Transcriptional Regulation of Skeletal Muscle Differentiation
The aim of this research program is to characterize at the biochemical and molecular level, transcription factors and chromatin remodeling proteins regulating skeletal muscle specification and development. Thus, the interplay between non-coding RNAs such as miRNAs, enhancers-RNAs and lncRNAs with chromatin organization and genome topology in myogenesis, is of our utmost interest.
Molecular Mechanisms Mediating Muscle Fiber Type Identity
Skeletal muscles constitute about 40% of its total body mass. Most skeletal muscles are composed of a mixture of myofibers with distinct contractile, metabolic, resistance to fatigue properties, as well as differential vulnerability in pathophysiological conditions. Oxidative myofibers are more fatigue resistant and have higher mitochondrial content, to facilitate β-oxidation. Fast glycolytic myofibers fatigue more easily and rely on glycolysis for energy production.
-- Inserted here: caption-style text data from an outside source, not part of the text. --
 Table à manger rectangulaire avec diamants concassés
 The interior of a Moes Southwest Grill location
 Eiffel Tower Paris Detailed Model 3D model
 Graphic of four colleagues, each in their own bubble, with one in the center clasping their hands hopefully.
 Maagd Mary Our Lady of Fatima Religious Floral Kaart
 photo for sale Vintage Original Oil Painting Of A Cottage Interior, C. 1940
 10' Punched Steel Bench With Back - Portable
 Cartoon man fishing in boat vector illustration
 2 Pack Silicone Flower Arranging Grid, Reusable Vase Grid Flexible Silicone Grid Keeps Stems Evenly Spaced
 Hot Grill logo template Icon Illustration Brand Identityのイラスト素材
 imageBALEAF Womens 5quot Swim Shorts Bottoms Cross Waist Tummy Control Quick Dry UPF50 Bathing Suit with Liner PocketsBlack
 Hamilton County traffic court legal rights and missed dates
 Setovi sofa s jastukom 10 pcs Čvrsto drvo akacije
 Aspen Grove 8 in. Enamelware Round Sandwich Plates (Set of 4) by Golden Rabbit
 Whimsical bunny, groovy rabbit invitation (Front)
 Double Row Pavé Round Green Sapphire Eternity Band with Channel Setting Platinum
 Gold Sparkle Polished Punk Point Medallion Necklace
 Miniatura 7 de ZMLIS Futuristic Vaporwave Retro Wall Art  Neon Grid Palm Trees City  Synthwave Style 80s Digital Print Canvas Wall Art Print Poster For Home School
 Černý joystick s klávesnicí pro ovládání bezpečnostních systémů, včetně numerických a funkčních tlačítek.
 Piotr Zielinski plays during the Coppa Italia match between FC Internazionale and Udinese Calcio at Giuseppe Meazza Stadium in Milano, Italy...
By understanding the molecular, cellular and epigenetic mechanisms mediating fiber type identity, our aim is to identify molecular targets to therapeutically induce specific muscle fibers to ameliorate diseases affecting muscle function.
Identification of Molecules to Enhance Skeletal Muscle Regeneration
This research program includes the identification of new drugs targeting key molecular regulators with the potential to promote muscle differentiation and regeneration. Through molecular docking and molecular dynamics, our aim is to establish a solid pipeline to discover and characterize novel therapeutic drugs for tissue regeneration.